ベルトさんが、簀巻き男を無造作にその辺に放った。
床に転がる簀巻き男を見下ろし靴の先で小突くけれど、男はぴくりとも動かない。
死んでいる。
どうもベルトさん、拷問の末にうっかり殺してしまったようだ。
「ベルトさん、敵さんの情報は得られましたですかー」
「おん、そりゃもーばっちりよ。さーて今回のネタは?嫌な情報、クソみたいな情報、殺意わく情報の三本です」
ウケを狙って言っているのかもしれないが、到底笑える空気ではない。
鎮巳なんてわたくしの羽織った着物の袖を掴んで近づけないようにしているあたり、ドン引き通り越して怯えている。

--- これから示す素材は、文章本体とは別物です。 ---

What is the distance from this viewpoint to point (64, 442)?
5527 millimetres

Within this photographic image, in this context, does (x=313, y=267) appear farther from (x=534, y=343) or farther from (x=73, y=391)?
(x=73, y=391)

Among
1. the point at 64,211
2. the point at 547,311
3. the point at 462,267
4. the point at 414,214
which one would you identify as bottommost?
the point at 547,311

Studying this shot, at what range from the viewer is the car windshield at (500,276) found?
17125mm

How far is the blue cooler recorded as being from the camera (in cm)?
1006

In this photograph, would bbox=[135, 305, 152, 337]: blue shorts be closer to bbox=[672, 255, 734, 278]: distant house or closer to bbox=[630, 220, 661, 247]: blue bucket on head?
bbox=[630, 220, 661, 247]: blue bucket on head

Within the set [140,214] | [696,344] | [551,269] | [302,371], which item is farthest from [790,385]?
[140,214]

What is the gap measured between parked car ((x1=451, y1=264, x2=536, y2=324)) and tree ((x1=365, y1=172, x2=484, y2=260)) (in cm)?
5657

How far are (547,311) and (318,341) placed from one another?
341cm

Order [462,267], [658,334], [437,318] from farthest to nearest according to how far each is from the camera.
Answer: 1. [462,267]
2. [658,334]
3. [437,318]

何よりベルトさん自身、憎悪に染まった目をしていたし。
「まず、うちのラッスーがさらわれて殺された理由だけど。やっぱルークと死後婚させるのが目的だったらしいぜ、あのジジイ」
「やはりですかー。こちらの読み通りなのです」
「ただ、その後が問題なんだとよ」
「……?問題……って?」
拷問したササガワさんの弟いわく。
ラスカルを殺したあと、それまでどんな時でもポーカーフェイスだったササガワさんの様子がおかしい。
端的に言えばかなり苛ついている。さらには独り言も言っているそうだ。
例えば、そう……「違う」とか「そんなわけあらへん」とか。
ずっとなにかを否定しているのだという。
「ほかにも情報は?」
「あとは、オズもおかしいらしいぜ。女見ると誰でも喰っちまうんだってよ。カニバリズム的な意味合いで」
「ええ……?なんでそんなこと……」
「女全部がクレオに見えてるんだってよ。食べちゃいたいくらい可愛い、みたいな感じじゃねーのけ」
鎮巳がドン引きコンボ数を増やしている横で、わたくしはフォークをしゃぶりつつ、ただ静かに耳を傾けていた。
「そんなだから、なんか敵さんの方もなかなかギスってるぽくてにゃー。全部ハイジ兄さんのせいだ、って目が物語ってたわ」
ベルトさんは話を終えると近くのダイニングチェアに雑に座った。
だるそうに首を反らし、突き出た喉仏を惜しげも無くさらしている。